Nextflow
Below is a simple 2-stage Nextflow pipeline, that runs each stage as a Slurm job, and passes a file between stages. More information: https://www.nextflow.io/docs/latest/reference/process.html
workflow {
step1_output = processStep1()
processStep2(step1_output)
}
// Define the first process
process processStep1 {
executor 'slurm' ; queue 'short' ; cpus 1 ; memory '1 GB' ; time '1h 2m'
output:
file 'step1output.txt'
script:
"""
echo "Running Step 1"
echo "Step 1 complete" > step1output.txt
"""
}
// Define the second process
process processStep2 {
executor 'slurm' ; queue 'test' ; cpus 2 ; memory '2 GB' ; time '2m'
input:
path step1_file
script:
"""
echo "Running Step 2"
echo ""
echo "Contents of input file:"
cat ${step1_file}
echo ""
echo "Step 2 complete"
"""
}
The main pipeline script itself does not consume resources, the sub-processes do, so the script can be started from a login server. Nextflow will create and monitor the Slurm jobs.

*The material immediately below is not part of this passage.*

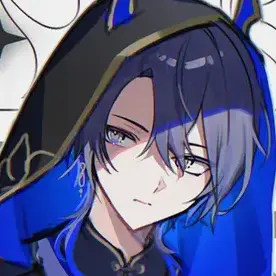 Profile image of 小柳ロウ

Put the pipeline in a file named pipeline.nf and run:
$ module load nextflow
$ nextflow run ./pipeline.nf
N E X T F L O W ~ version 24.10.4
Launching `./pipeline.nf` [nauseous_wilson] DSL2 - revision: c96d1353cb
executor > slurm (2)
[00/5bf734] processStep1 | 1 of 1 ✔
[11/fa1948] processStep2 | 1 of 1 ✔
If the entire pipeline exceeds our 7-day limit then you must execute from a login server, and run nextflow in background mode:
$ nextflow run -bg ./pipeline.nf
Then you can logout without interrupting Nextflow.